In a fourth aspect, embodiments of the present disclosure provide a computer-readable medium having stored thereon a computer program which, when executed by a processor, implements the steps of the voice call method as described in any of the above embodiments.

The present disclosure has the following beneficial effects:

The embodiment of the disclosure provides a voice call method, a communication terminal and a computer readable medium, which can respectively transmit voice content information and voice characteristic information through different networks to improve the utilization rate of voice service resources of each network and realize high-quality voice call.

Drawings

Fig. 1 is a flowchart of a voice call method according to an embodiment of the disclosure;

fig. 2 is a flowchart of another voice call method according to an embodiment of the disclosure;

fig. 3 is a flowchart of yet another voice call method according to an embodiment of the present disclosure;

FIG. 4 is a flow chart of a specific implementation of step S7 of an embodiment of the present disclosure;

fig. 5 is a flowchart of yet another voice call method according to an embodiment of the present disclosure;

Fig. 6 is a signaling diagram of yet another voice call method according to an embodiment of the disclosure;

fig. 7 is a signaling diagram of still another voice call method according to an embodiment of the disclosure.

Detailed Description

In order to better understand the technical solutions of the present disclosure, the following describes in detail a voice call method, a communication terminal, and a computer readable medium provided by the present disclosure with reference to the accompanying drawings.

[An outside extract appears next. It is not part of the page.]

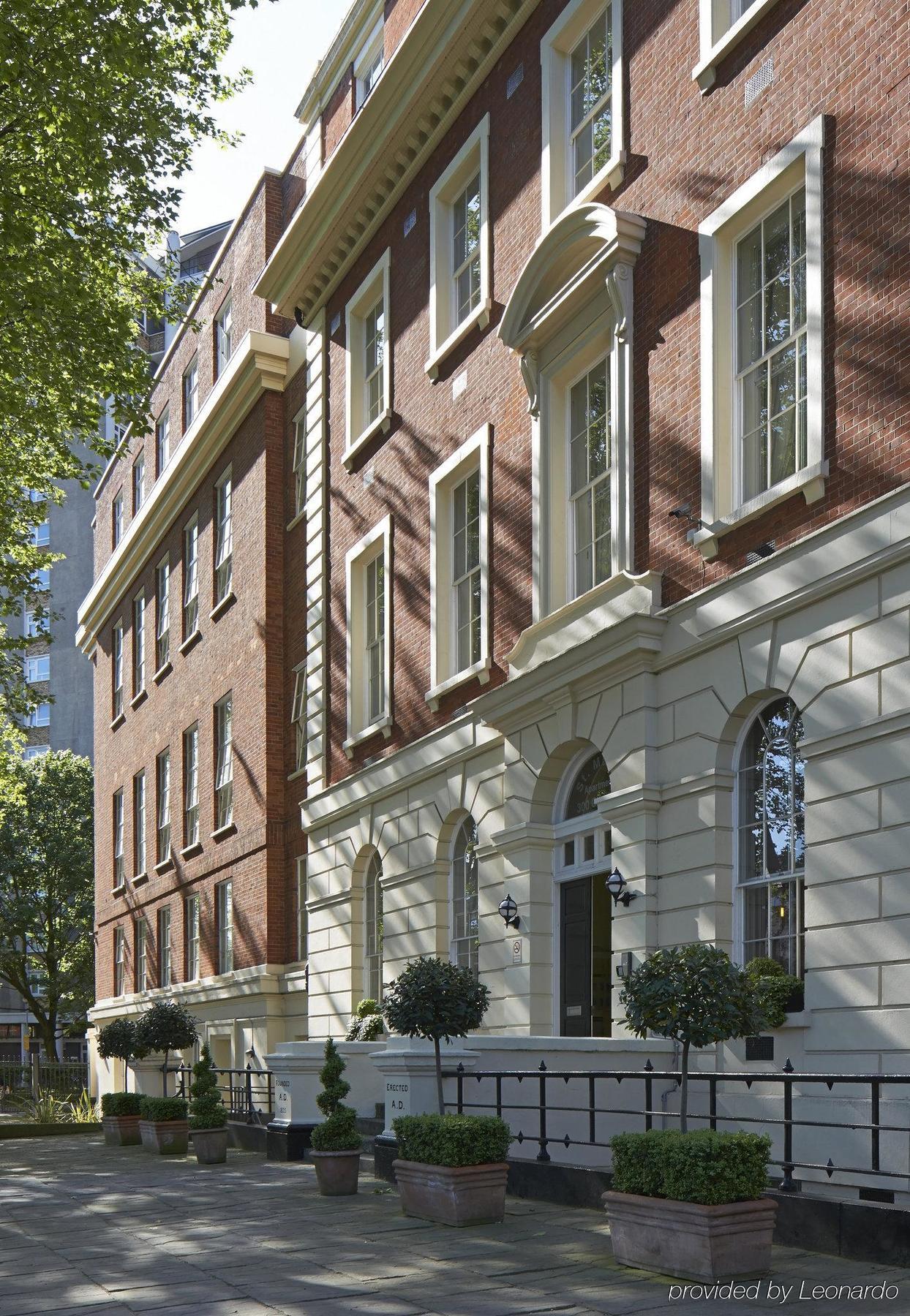 Citadines St Marks London Exterior foto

Example embodiments will be described more fully hereinafter with reference to the accompanying drawings, but may be embodied in various forms and should not be construed as limited to the embodiments set forth herein. Rather, these embodiments are provided so that this disclosure will be thorough and complete, and will fully convey the scope of the disclosure to those skilled in the art.

The terminology used herein is for the purpose of describing particular embodiments only and is not intended to be limiting of the disclosure. As used herein, the singular forms "a," "an," and "the" are intended to include the plural forms as well, unless the context clearly indicates otherwise. It will be further understood that the terms "comprises" and/or "comprising," when used in this specification, specify the presence of stated features, integers, steps, operations, elements, and/or components, but do not preclude the presence or addition of one or more other features, integers, steps, operations, elements, components, and/or groups thereof.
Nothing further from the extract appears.